[[ Data extracts, beginning ]]
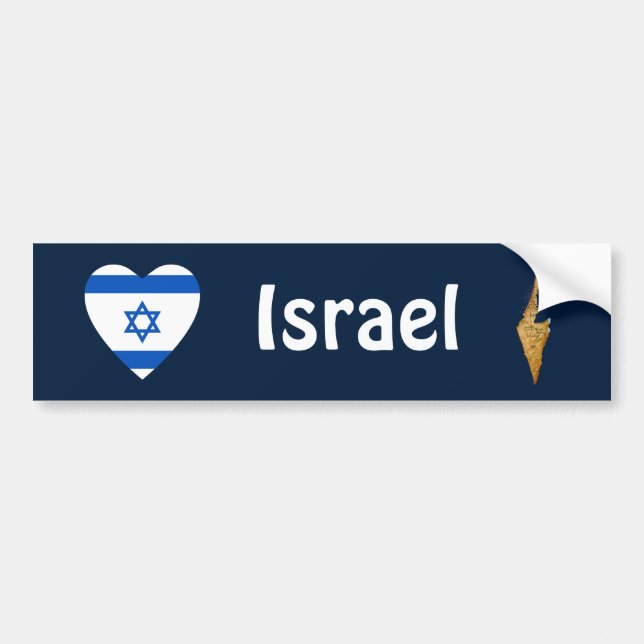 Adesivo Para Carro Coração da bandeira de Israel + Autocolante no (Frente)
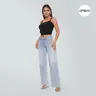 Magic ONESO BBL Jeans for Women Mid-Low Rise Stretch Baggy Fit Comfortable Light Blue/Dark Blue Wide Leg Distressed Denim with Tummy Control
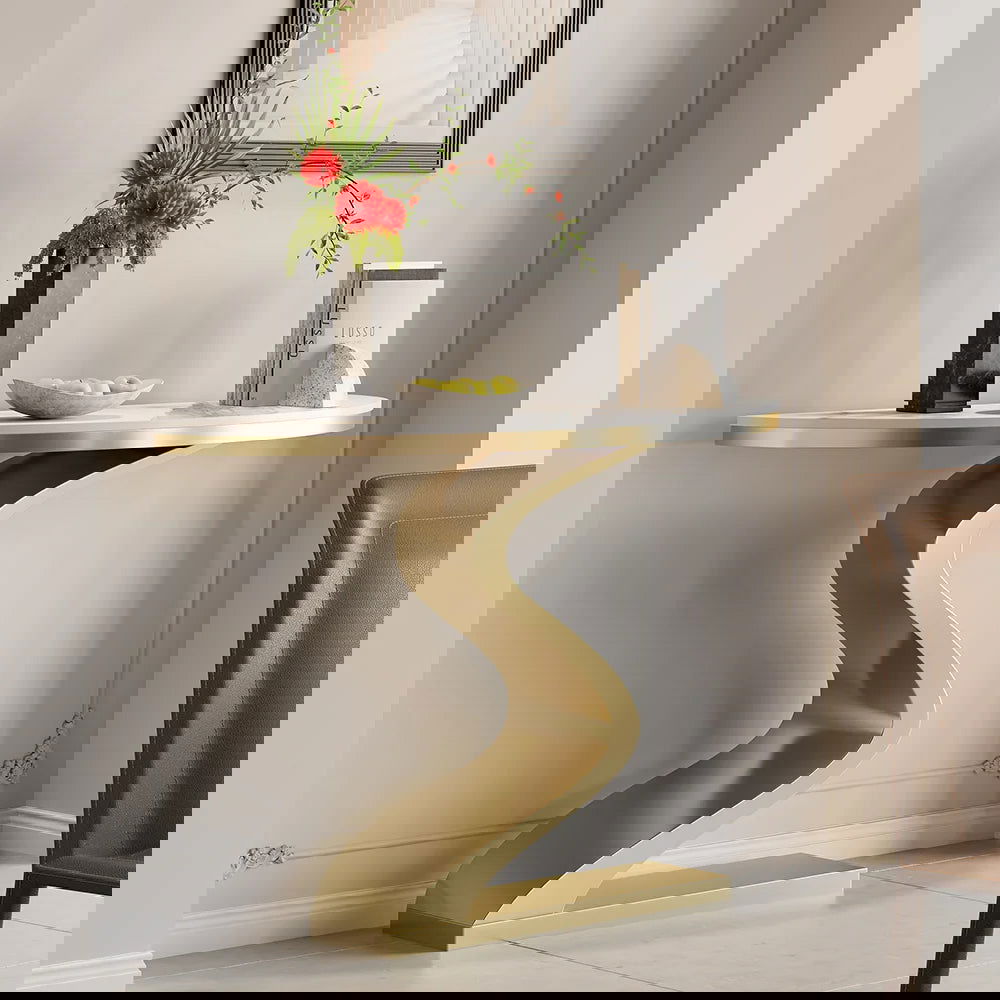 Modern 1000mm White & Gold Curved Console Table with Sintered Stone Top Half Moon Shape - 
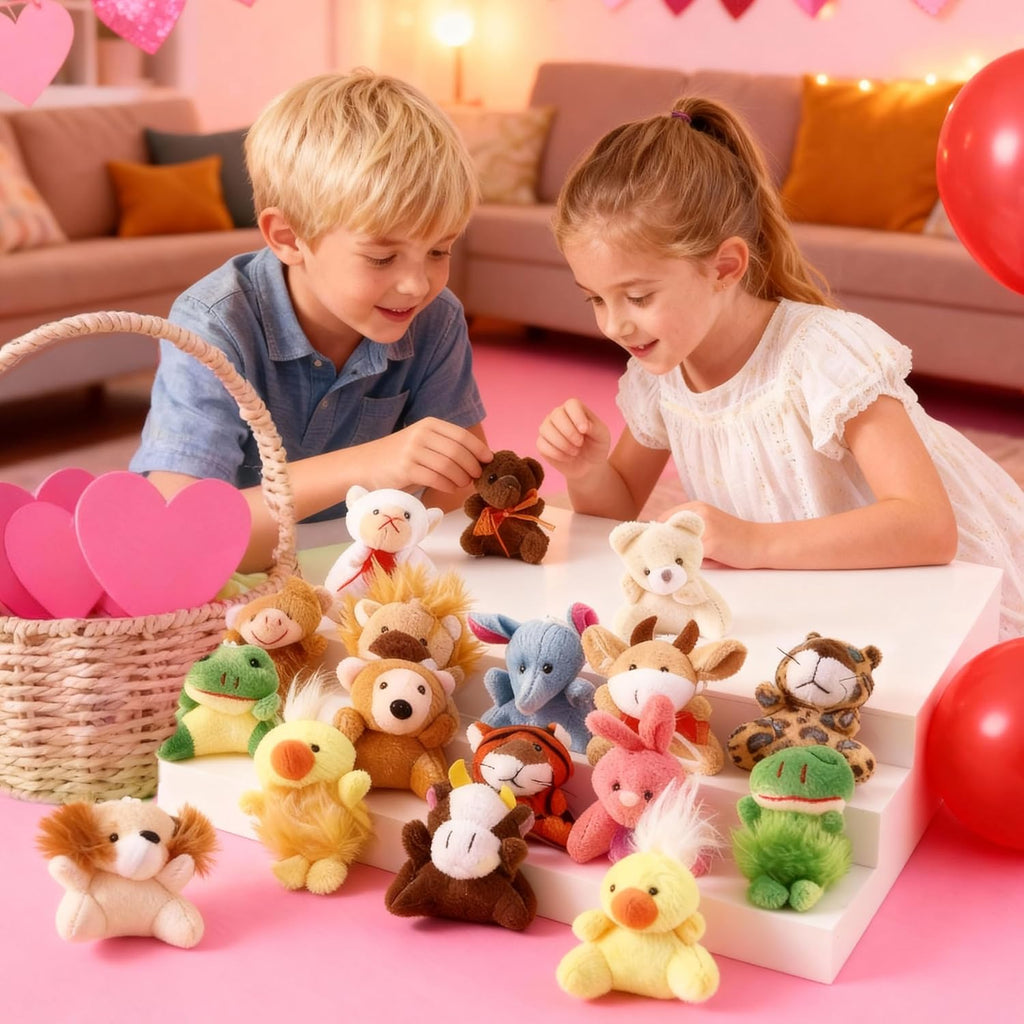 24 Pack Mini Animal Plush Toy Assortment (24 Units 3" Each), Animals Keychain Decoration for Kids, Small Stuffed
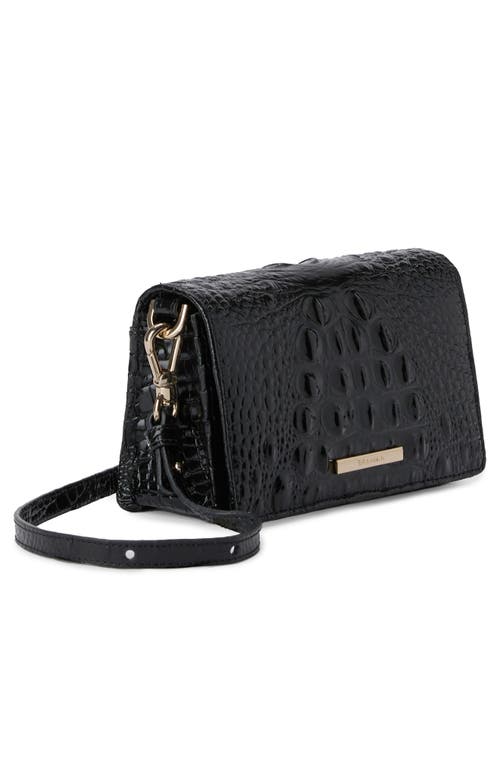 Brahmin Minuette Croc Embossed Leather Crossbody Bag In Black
[[ Data extracts, end ]]
[[ Data extracts, beginning ]]
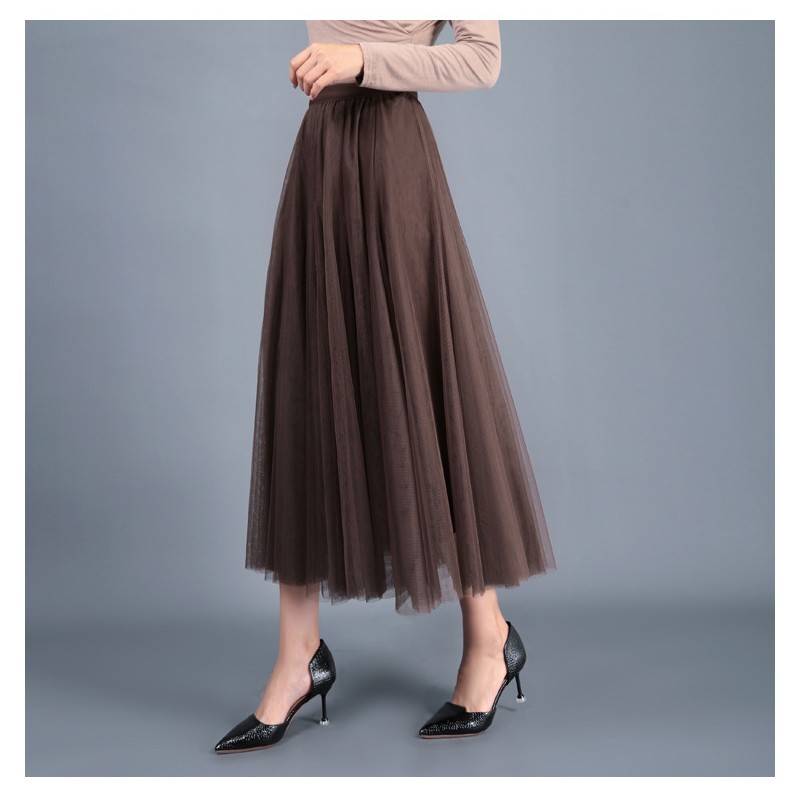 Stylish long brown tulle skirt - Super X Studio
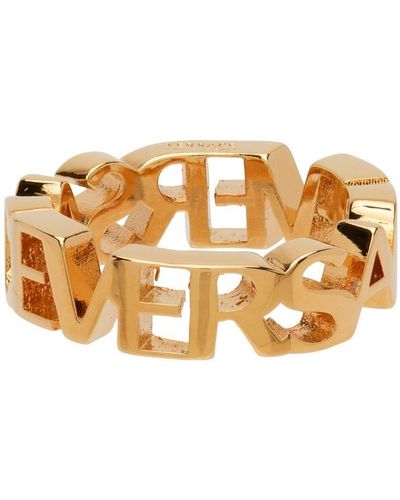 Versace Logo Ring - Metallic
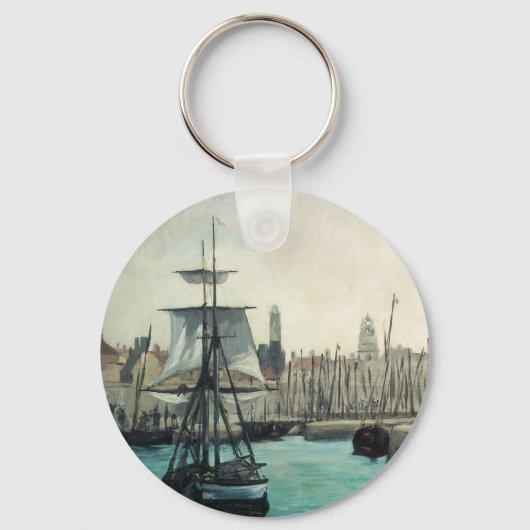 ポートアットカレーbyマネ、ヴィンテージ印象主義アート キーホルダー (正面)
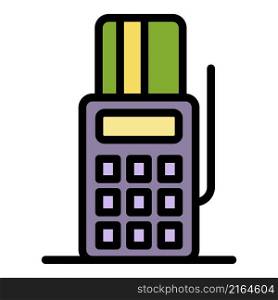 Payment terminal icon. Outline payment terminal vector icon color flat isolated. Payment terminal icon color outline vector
[[ Data extracts, end ]]
### [Exercise]
Go to the line above holding "Adesivo Para Carro", then copy exactly each line down to and including the one holding "Modern 1000mm White", leaving pictures out.

### [Reply to the task]
 Adesivo Para Carro Coração da bandeira de Israel + Autocolante no (Frente)
 Magic ONESO BBL Jeans for Women Mid-Low Rise Stretch Baggy Fit Comfortable Light Blue/Dark Blue Wide Leg Distressed Denim with Tummy Control
 Modern 1000mm White & Gold Curved Console Table with Sintered Stone Top Half Moon Shape - 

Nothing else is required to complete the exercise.